Oops.... Almost forgot the Ram 2500 Cummins! That's got to be #1!


----------



## MaeJae (May 12, 2005)

Try this...
Click-ity-Click-Click!

MaeJae


----------



## Oregon_Camper (Sep 13, 2004)

Electric Tongue Jack
Memory Foam for Mattresses
Accumulator Tank
Shower door replacement

....just a few, but they are very helpful.


----------



## skippershe (May 22, 2006)

You can click my screenname to view my profile for our list of mods so far...
If you need pics of any particular mod, just let me know


----------



## Paul (May 14, 2008)

ColoradoChip said:


> MaxAir fan and max air vent covers, Memory foam mattress topper, Real slide support storage, 2 x 6v batts, 15 watt solar trickle charger, and new MB Quart Speakers, in that order. I have done many other mods, including the tongus jack, but these are may favorites, by far!
> 
> Oops.... Almost forgot the Ram 2500 Cummins! That's got to be #1!


*What is the slide support storage? I tried to find more info but came up empty.*


----------



## skippershe (May 22, 2006)

Paul said:


> MaxAir fan and max air vent covers, Memory foam mattress topper, Real slide support storage, 2 x 6v batts, 15 watt solar trickle charger, and new MB Quart Speakers, in that order. I have done many other mods, including the tongus jack, but these are may favorites, by far!
> 
> Oops.... Almost forgot the Ram 2500 Cummins! That's got to be #1!
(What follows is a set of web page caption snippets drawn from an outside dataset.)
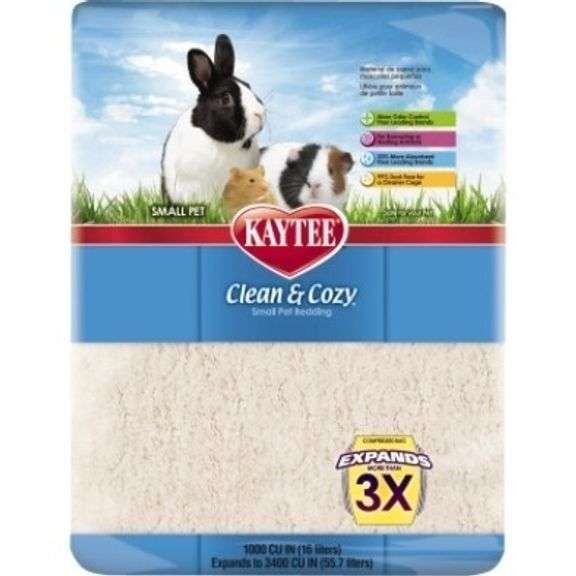 Kaytee Clean And Cozy Small Pet Bedding, 1000 Cubic Inches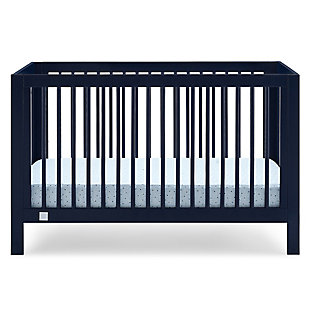 babyGap by Delta Children Charlie 6-in-1 Convertible Crib, Navy, large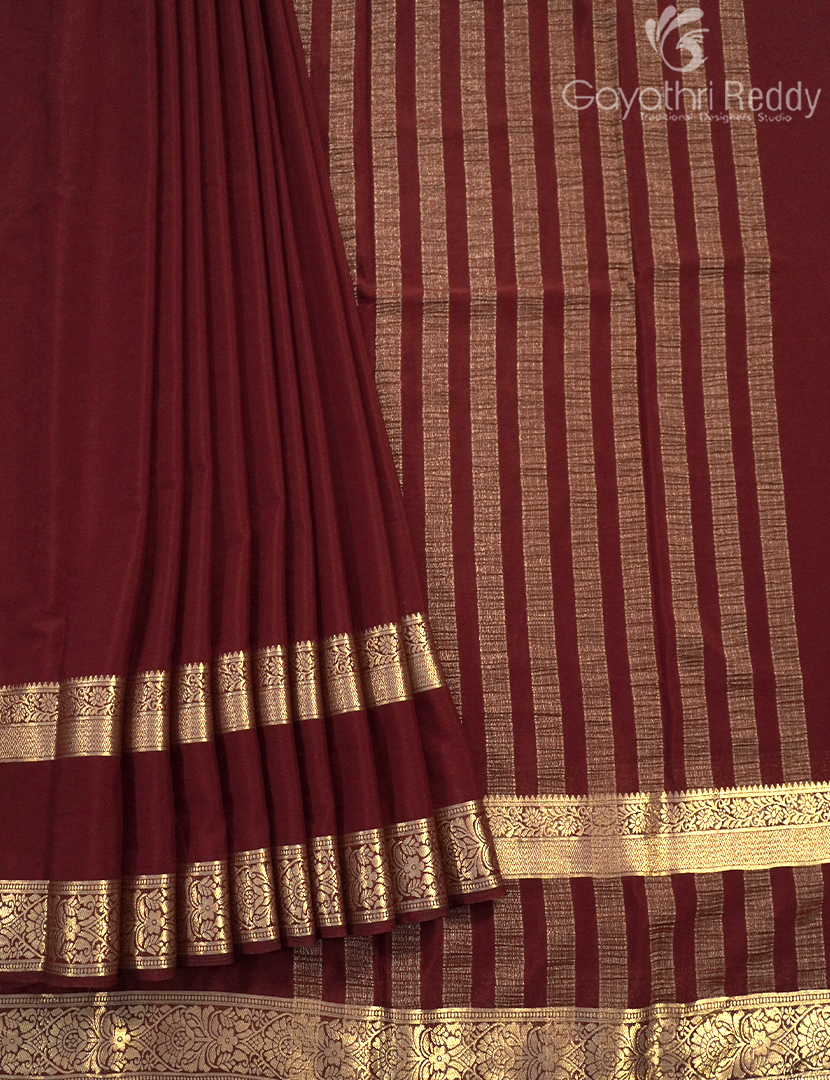 SEMI MYSORE CRAPE-SMC275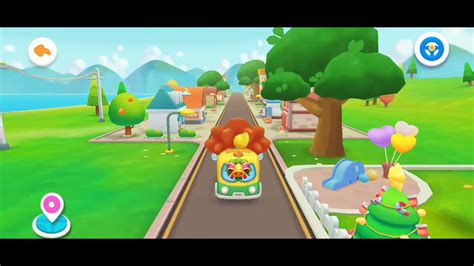 BUS SEKOLAH BABYBUS GAME KARTUN BABYBUS INDONESIA YouTube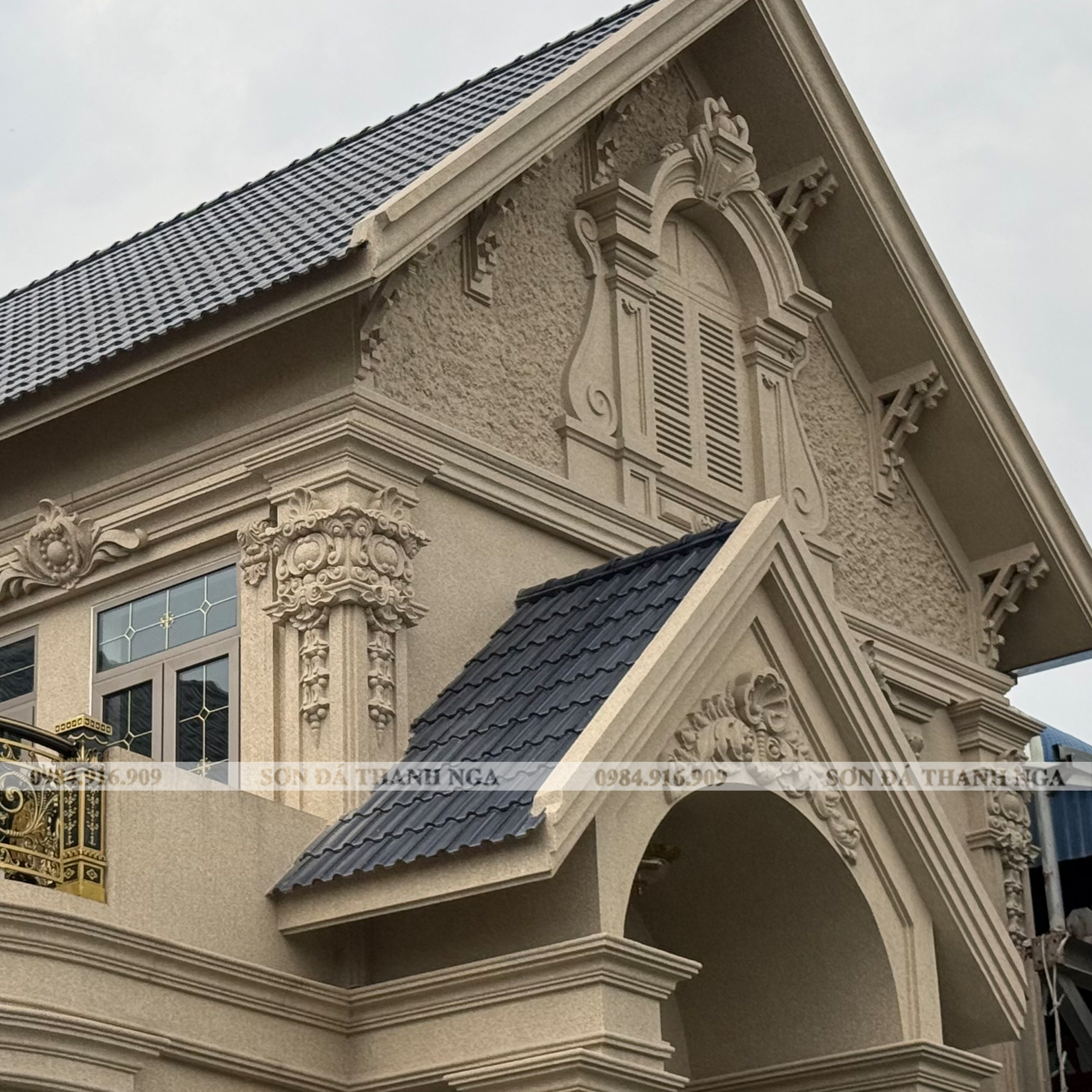 Sơn phủ bóng chuyên dụng mới 02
*What is the slide support storage? I tried to find more info but came up empty.*
[/quote]
Hi Paul,

Try a search in the Mods Forum...type in +slide+storage as your search words

Here's a good thread to start with: Queen slide rail storage


----------



## Larry M (Sep 26, 2006)

My personal favorite is an external electrical cord disconnect. I was tired of having to pull the panel inside and untangle the cord, and there's no way "Critters" can simply walk up the cord and into the trailer.

Larry M.


----------



## daslobo777 (Mar 24, 2007)

Paul said:


> MaxAir fan and max air vent covers, Memory foam mattress topper, Real slide support storage, 2 x 6v batts, 15 watt solar trickle charger, and new MB Quart Speakers, in that order. I have done many other mods, including the tongus jack, but these are may favorites, by far!
> 
> Oops.... Almost forgot the Ram 2500 Cummins! That's got to be #1!


*What is the slide support storage? I tried to find more info but came up empty.*
[/quote]

Hi,

DH put a long bracket inside the front storage that we slide the bed rails on. It is very convenient because even fully loaded storage, I can slide in and out easily as they are up high. He may have put a picture up or maybe we never got our latest mods up prior to the last trip. That sounds about right so we should be posting some pictures. Cristy


----------



## Beaner242 (Jun 25, 2007)

OK Its official, my favorite mod is the Barker VIP 3500. Installed it last night. The wife wasnt to keen on the idea, says that its that much more exercise we wont be getting.







Between that and riding mower I just got, Im in trouble. Has anyone else that installed this had to extend the power wire?


----------



## kllayton4 (Feb 29, 2008)

We just purchased a memory foam mattress, and let them have the mattress that came with the trailer. Yeah back to sleeping in again.


----------



## DirtMover (May 31, 2008)

Beaner242 said:


> OK Its official, my favorite mod is the Barker VIP 3500. Installed it last night. The wife wasnt to keen on the idea, says that its that much more exercise we wont be getting.
> 
> 
> 
> ...


Same thing here. The power wire wasn't nearly long enough. Not a big deal for me as I had all the stuff I needed laying around to extend it. You would think they would come with a little more wire though.


----------



## jgpotts (Aug 16, 2008)

ColoradoChip said:


> MaxAir fan and max air vent covers, Memory foam mattress topper, Real slide support storage, 2 x 6v batts, 15 watt solar trickle charger, and new MB Quart Speakers, in that order. I have done many other mods, including the tongus jack, but these are may favorites, by far!
> 
> Oops.... Almost forgot the Ram 2500 Cummins! That's got to be #1!


Holy crap. So I guess it is save to say that my husband that can barely hang a nail will not be handy to do all these adaptations that you have done. I was just proud of the fact that I went to "Big Lots" in our area and got storage containers to fit into the closet by the door. I got 6 of them to fit and I was just happy with myself. I am now humbled by what you have done







. How hard is it to modify the camper. I was just worried that I would damage something and it would then leak. Give me details darling!


----------